» **DATA EXCERPTS**
++++++

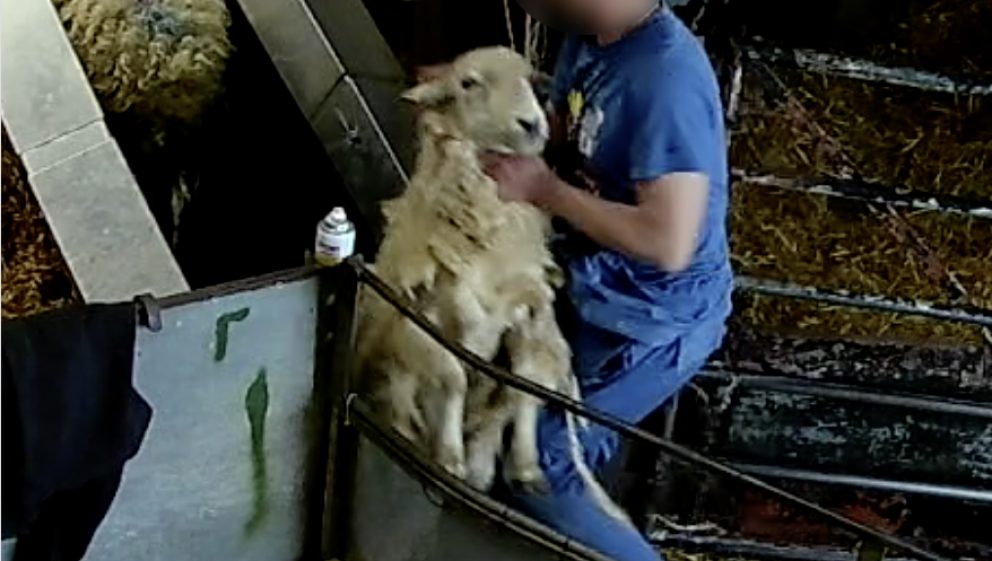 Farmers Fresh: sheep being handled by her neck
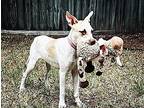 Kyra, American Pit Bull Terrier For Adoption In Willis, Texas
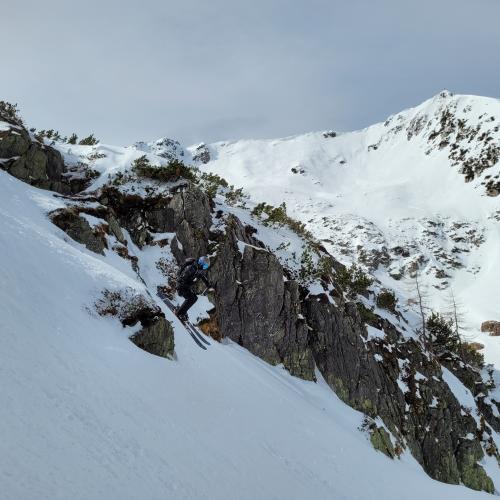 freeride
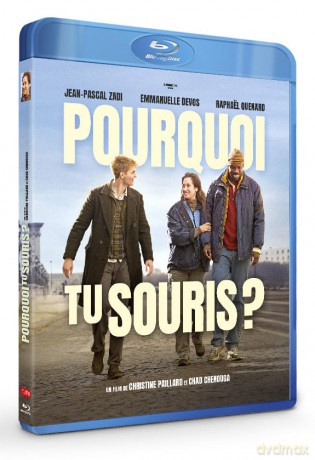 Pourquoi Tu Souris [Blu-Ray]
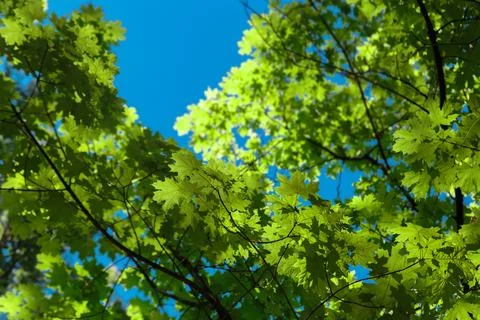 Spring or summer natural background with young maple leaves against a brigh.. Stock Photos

++++++

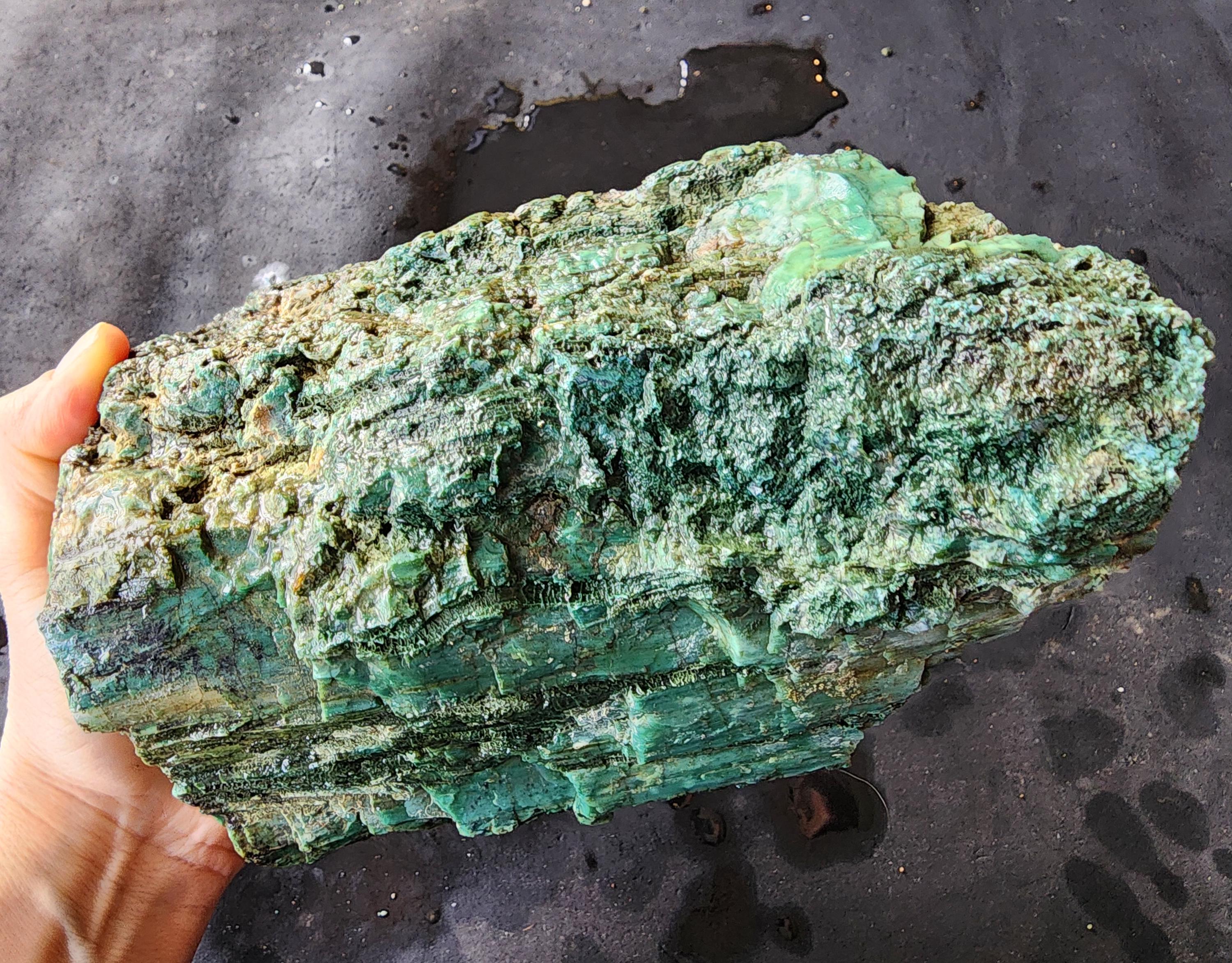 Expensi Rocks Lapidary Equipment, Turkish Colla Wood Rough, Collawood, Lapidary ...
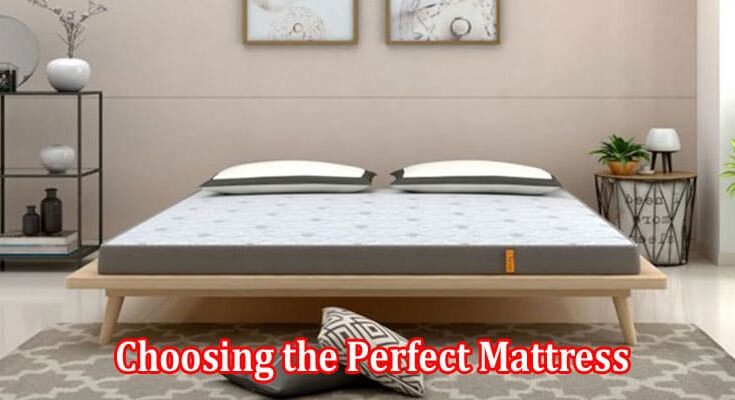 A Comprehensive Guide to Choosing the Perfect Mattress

++++++

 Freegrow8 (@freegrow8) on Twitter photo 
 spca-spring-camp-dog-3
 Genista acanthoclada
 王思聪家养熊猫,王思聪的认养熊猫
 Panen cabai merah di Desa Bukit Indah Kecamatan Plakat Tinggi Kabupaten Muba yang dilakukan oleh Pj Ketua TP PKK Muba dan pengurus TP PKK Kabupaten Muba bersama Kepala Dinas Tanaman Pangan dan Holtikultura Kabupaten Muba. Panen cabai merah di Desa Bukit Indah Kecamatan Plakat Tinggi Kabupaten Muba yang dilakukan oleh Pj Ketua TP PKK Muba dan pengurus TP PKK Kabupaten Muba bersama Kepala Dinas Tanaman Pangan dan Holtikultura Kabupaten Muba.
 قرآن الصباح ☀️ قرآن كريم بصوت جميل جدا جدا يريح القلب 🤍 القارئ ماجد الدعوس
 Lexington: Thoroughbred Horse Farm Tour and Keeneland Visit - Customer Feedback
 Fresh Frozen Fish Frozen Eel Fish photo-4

++++++

» **THE PROBLEM**
Only one stretch of the material above is wanted: the line containing "Farmers Fresh: sheep" through the line containing "Spring or summer". Restate it word for word, minus the pictures.

» **REPLY TO THE TASK**
 Farmers Fresh: sheep being handled by her neck
 Kyra, American Pit Bull Terrier For Adoption In Willis, Texas
 freeride
 Pourquoi Tu Souris [Blu-Ray]
 Spring or summer natural background with young maple leaves against a brigh.. Stock Photos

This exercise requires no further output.